Collection entries

□ □ □ □ □

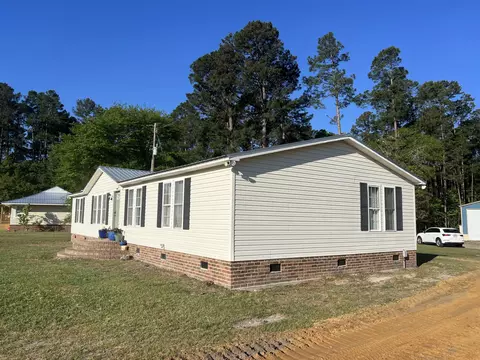 586 Scuffletown Rd, Ruffin, SC 29475 photo 5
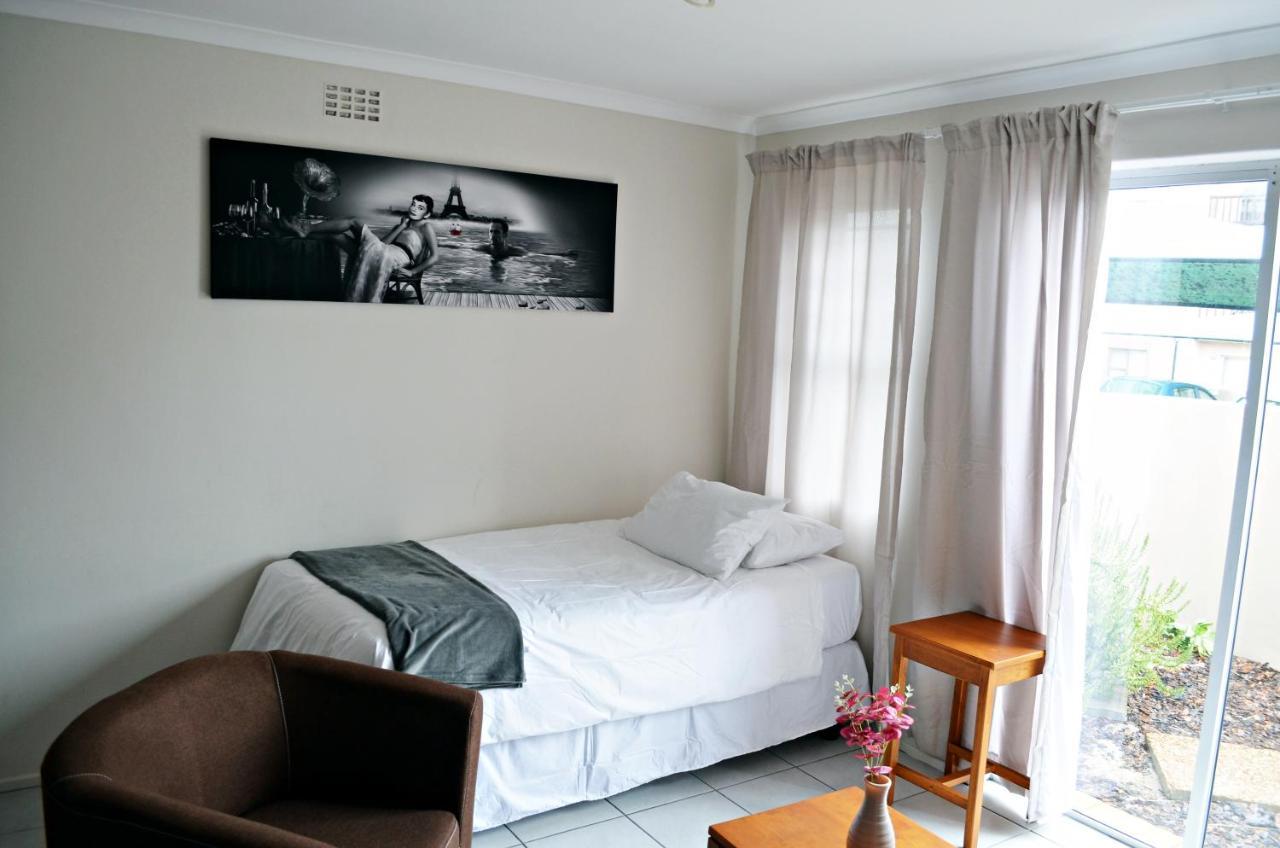Broadway Self Catering Apartments เดอร์บันวิลล์ ภายนอก รูปภาพ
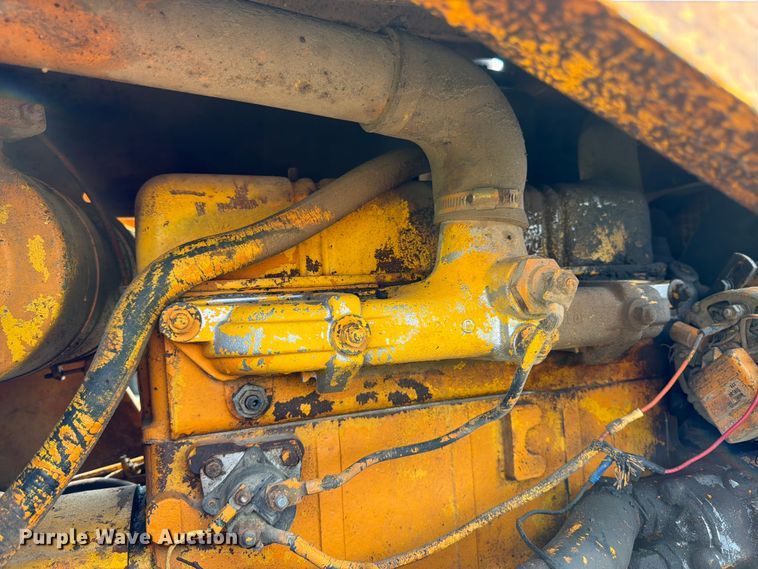 image for item FK3233 1974 Case D450 track loader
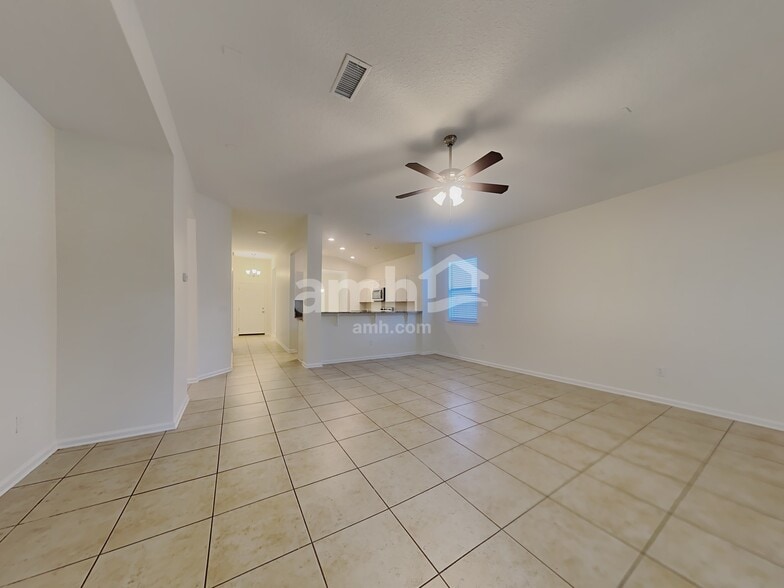 Building Photo - 9672 Woodstone Mill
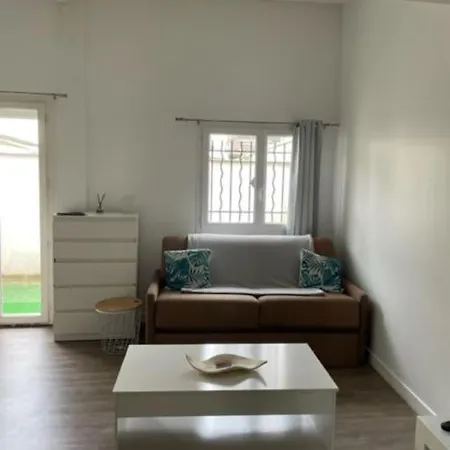 Charmant Logement A Romainville Exterior photo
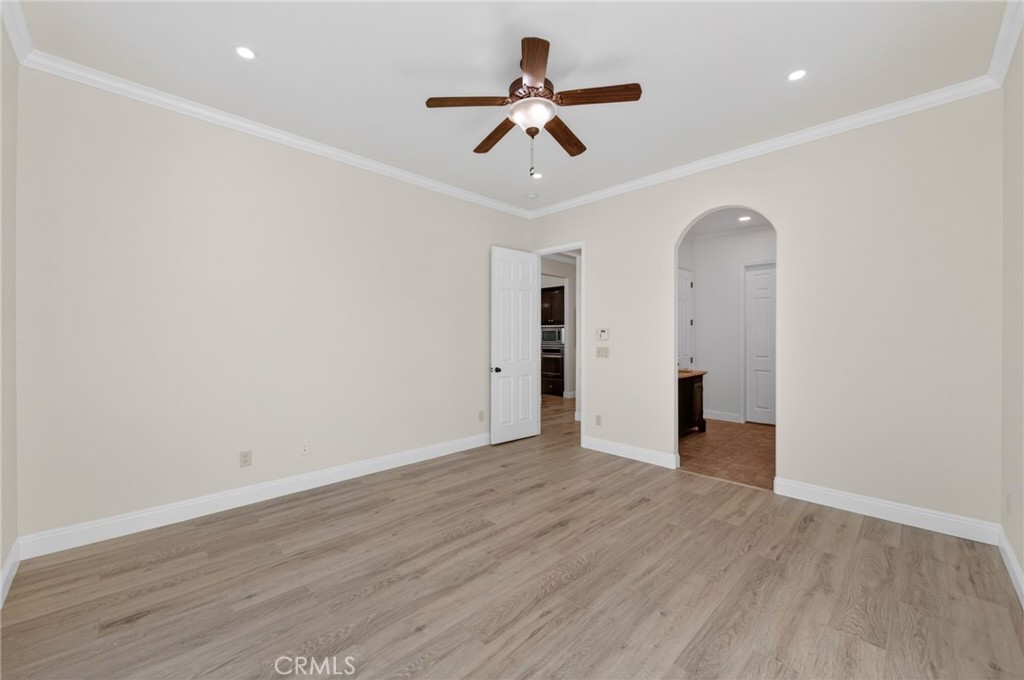 1563 E Via Mirasol, Fresno, CA 93730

□ □ □ □ □

■ What the exercise asks
In the records above, find the line that contains "Building Photo - 9672 Woodstone Mill". Retype it and every line after it, exactly, leaving out all pictures.

■ Task output
 Building Photo - 9672 Woodstone Mill
 Charmant Logement A Romainville Exterior photo
 1563 E Via Mirasol, Fresno, CA 93730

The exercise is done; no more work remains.